Jubilee Party is planning to enact a new legislation seeking to reduce the powers of the Supreme Court to make it difficult to invalidate the election of the president.
In debate in the Senate on Wednesday, Jubilee-allied senators expressed their dissatisfaction with Chief Justice David Maraga-led bench's over the decision to overturn President Uhuru Kenyatta's win and the judges' failure to attend the opening of Parliament.
Most senators, who officially begun debating on the President's Tuesday address to Parliament launched scathing attacks on the Judiciary, promising to revist the apex court verdicr.
In a one-sided session skipped by the National Super Alliance (NASA) senators, the legislators criticised the Judiciary, which it accused of siding with the Opposition.
Senate Majority Leader Kipchumba Murkomen set the tempo with calls to revisit the court's conduct after the repeat presidential elections.

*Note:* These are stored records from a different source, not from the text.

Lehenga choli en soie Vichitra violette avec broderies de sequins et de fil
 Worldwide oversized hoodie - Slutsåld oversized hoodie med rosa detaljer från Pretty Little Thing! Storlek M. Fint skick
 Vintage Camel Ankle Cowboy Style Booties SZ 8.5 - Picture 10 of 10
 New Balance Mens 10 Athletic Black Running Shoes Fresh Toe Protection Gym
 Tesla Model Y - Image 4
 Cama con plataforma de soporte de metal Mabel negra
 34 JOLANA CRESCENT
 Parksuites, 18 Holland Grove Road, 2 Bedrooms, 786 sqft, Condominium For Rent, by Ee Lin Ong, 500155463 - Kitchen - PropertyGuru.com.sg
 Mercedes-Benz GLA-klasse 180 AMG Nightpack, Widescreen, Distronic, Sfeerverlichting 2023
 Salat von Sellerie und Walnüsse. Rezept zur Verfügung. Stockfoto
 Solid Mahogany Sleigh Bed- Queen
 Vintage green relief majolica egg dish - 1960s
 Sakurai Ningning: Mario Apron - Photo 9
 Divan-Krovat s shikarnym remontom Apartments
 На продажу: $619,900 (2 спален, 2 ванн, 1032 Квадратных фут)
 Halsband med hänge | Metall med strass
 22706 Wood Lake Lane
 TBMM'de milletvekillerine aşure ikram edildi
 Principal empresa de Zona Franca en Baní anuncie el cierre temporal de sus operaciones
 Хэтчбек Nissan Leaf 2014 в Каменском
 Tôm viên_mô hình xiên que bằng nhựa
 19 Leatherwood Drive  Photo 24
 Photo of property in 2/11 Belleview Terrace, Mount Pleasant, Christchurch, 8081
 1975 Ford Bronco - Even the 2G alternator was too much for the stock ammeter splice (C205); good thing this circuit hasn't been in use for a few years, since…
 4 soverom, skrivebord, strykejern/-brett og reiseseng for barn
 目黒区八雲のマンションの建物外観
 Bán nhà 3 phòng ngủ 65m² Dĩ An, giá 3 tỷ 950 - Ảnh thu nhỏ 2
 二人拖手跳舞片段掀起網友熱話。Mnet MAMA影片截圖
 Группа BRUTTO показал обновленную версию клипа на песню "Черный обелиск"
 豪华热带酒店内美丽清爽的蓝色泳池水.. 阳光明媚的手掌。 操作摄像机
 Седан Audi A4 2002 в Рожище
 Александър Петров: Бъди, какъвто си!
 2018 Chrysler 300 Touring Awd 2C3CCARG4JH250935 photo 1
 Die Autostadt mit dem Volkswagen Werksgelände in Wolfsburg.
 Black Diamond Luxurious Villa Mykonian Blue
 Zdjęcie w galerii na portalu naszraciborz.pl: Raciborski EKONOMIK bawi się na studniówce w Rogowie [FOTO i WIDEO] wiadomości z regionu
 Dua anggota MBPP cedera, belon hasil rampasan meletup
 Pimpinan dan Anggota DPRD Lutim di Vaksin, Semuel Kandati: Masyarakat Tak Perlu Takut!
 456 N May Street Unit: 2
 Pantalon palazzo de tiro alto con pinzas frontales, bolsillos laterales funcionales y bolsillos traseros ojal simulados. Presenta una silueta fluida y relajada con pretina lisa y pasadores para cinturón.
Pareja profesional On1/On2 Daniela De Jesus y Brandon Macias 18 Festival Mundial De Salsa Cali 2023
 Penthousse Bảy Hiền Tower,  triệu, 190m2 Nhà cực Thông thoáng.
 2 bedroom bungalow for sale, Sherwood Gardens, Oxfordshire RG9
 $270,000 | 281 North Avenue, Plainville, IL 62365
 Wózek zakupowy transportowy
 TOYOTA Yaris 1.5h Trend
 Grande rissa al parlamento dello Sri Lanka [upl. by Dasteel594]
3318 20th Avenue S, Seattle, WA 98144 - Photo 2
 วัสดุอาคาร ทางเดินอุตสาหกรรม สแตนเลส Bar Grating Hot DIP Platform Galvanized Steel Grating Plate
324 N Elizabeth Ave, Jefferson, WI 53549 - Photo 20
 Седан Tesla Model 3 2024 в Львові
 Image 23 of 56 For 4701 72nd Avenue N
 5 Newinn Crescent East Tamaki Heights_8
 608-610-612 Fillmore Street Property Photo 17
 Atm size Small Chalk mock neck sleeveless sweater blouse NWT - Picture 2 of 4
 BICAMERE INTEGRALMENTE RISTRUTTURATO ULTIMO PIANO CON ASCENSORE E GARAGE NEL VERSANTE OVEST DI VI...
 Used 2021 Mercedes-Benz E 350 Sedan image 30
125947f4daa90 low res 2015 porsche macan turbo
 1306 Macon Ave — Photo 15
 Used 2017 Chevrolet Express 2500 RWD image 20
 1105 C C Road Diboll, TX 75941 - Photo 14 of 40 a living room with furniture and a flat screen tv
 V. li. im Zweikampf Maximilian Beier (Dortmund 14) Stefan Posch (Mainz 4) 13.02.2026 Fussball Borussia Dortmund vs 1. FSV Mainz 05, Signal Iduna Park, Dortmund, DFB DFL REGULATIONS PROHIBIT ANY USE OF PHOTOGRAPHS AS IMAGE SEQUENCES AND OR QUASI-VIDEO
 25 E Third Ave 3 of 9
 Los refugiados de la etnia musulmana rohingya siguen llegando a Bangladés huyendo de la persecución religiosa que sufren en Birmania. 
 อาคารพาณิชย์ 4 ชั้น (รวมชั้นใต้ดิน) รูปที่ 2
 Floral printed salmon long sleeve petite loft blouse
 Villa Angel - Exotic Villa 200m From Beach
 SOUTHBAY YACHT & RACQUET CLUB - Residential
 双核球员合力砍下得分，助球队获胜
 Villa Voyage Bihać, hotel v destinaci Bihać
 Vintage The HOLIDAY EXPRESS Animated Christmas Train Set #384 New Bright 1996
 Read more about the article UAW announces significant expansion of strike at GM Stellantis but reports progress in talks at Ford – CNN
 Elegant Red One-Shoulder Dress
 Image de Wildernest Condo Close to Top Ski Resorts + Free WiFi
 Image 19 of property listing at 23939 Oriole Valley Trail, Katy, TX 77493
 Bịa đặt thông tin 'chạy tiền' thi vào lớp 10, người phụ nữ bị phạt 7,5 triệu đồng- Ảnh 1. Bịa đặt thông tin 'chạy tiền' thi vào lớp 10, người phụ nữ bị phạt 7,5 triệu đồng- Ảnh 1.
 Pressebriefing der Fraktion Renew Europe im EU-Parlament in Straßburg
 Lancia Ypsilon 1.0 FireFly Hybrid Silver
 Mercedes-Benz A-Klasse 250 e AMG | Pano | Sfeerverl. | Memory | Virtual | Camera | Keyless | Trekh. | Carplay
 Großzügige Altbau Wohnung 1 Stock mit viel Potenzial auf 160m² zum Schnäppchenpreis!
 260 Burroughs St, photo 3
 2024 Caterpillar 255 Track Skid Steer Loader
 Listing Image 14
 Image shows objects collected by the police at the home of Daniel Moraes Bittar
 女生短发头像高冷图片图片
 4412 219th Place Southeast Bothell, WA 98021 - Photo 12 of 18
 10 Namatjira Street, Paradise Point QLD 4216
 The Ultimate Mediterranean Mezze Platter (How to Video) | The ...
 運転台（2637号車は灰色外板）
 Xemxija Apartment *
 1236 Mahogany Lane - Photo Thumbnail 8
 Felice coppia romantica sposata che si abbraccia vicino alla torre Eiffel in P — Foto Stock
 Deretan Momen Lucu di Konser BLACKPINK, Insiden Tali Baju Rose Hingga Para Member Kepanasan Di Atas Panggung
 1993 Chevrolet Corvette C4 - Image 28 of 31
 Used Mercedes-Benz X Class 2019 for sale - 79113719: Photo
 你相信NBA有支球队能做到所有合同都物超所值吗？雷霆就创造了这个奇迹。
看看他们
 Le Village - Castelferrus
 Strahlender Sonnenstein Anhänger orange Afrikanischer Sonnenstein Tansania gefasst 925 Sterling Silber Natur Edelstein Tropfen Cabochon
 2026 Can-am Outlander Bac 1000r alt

"We shall sit down as legislators and pass laws that protect the interests of the voter. These laws will seek to protect the decision of the voter to stop some institutions from making decisions that annul the decision of a voter," said Murkomen while moving debate on the motion.
"You cannot tell a voter after the marked ballot that an entity made up of simple majority of seven people reverse the outcome. It's like you are in Singapore and want to behave the same as someone living in Mandera County."
Murkomen said purpose of the proposed legislation is to shield the right of Kenyans where their sovereign right is denied through legal technicalities.
"Taking President Kenyatta's advice, the law will clarify the foundations of our democracy because the decision of the Supreme Court is unacceptable," he said.
In the National Assembly, Kikuyu MP Kimani Ichun'gwa submitted the Judiciary's independence was in question.
"Our Supreme Court judges are now no longer undertaking independent research to come up with their judgments. Some external forces through civil society organisations have hired researchers for them and even the judgments they are coming up with are a product of these groups," said Ichung'wa.